Questo è lo stile, e il farci “entrare” e “toccare” è una naturale eleganza dell’autore. Insieme con questo, si badi, ciò che diventa il “nostro avere”, poiché anche la sfera dell’avere è seducente e nobile se predilige, come si diceva al principio, il collezionare beni immateriali e non transeunti. Un esempio che resta nella memoria del lettore lungo tutto il libro è il sub-capitolo C’era una volta una volta un castello in Svizzera, rifugio di uccelli predatori… «Molto vicino alla cittadina di Brugg, il castello delle origini, edificato verso l’anno 1020 da un certo Radbot [attenzione: Radbod è, in Lohengrin di Wagner, la casata principesca della strega malvagia Ortrud – N.d.R.], si chiamava Habichtsburg, il castello degli astori…». Ecco l’origine del nome: animali da preda, né più né meno che le radici etimologiche di altre casate nobiliari.
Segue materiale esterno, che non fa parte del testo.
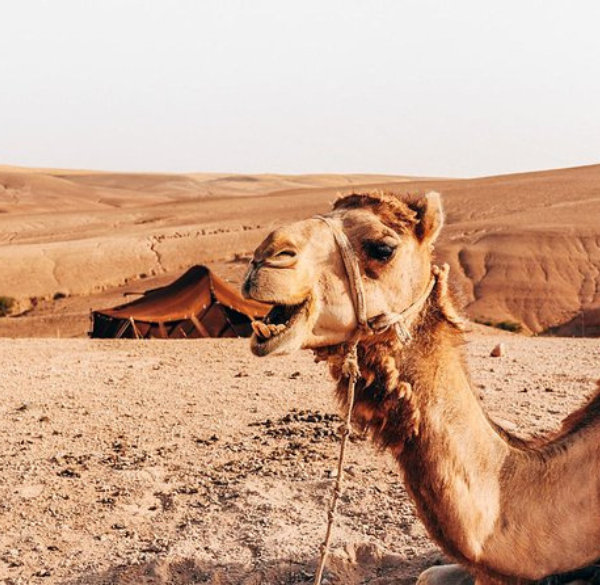 Design sans titre - 2025-07-26T182134.720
Divertitevi con una ricognizione onomastica fra i cognomi, anche italiani!
E quanta storia di terre e mari, quante storie individuali, di donne e uomini che furono ascendenti e avi di ciascuno di noi, sono stati contraccolpi ed effetti ritardati di un batter di ciglia, di una velleità, di un capriccio, di un atto di lussuria da parte di qualcuno o di qualcuna che abbia portato quel cognome. O anche fra loro, nel loro sangue. Che Juana de Trastàmara ossia Juana la Loca fosse tenuta lontana dall’alcova di Filippo il Bello per ordine dello stesso avvenente marito che “non ce la faceva più”, che lei, Giovanna la Pazza, lo fosse per gelosia, non avrà avuto influenza sul fatto che Carlos loro figlio, il futuro imperatore Carlo V, fosse quasi autistico da ragazzo e non riuscisse a parlare decentemente alcuna delle lingue che si parlavano nel suo immenso impero transcontinentale? E uno fra gli innumerevoli pregi del libro è il vastissimo spazio che l’autore dà agli Asburgo vissuti dopo il 1918: in particolare, a Otto d’Asburgo, presenza operosissima eppure quasi invisibile nella recente storia d’Europa.